• **Recorded data**
◆ ◆ ◆ ◆ ◆

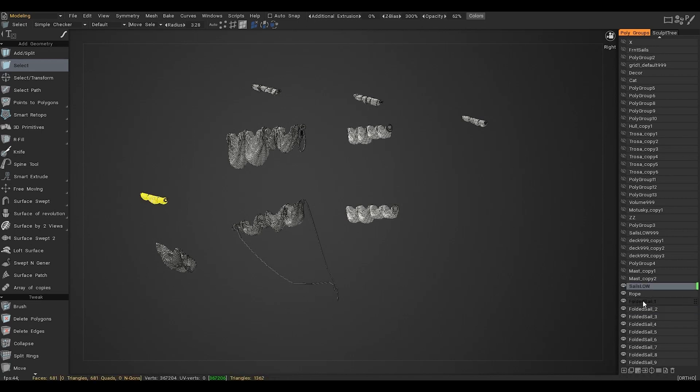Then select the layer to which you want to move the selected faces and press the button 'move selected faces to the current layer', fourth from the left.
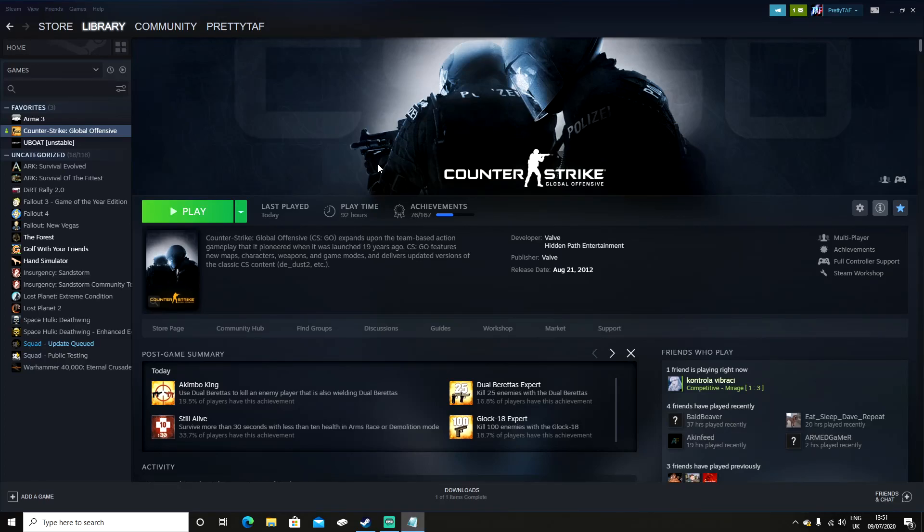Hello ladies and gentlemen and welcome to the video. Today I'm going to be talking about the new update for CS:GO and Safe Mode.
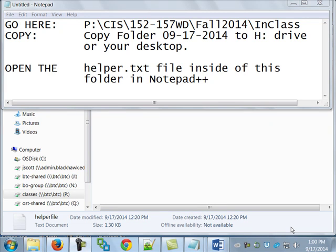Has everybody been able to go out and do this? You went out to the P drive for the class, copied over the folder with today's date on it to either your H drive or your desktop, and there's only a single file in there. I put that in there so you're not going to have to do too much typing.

◆ ◆ ◆ ◆ ◆

Return exactly what appears from the opening line of the material through the line with "Hello ladies and", apart from the pictures.

• **Response area**
Then select the layer to which you want to move the selected faces and press the button 'move selected faces to the current layer', fourth from the left.
Hello ladies and gentlemen and welcome to the video. Today I'm going to be talking about the new update for CS:GO and Safe Mode.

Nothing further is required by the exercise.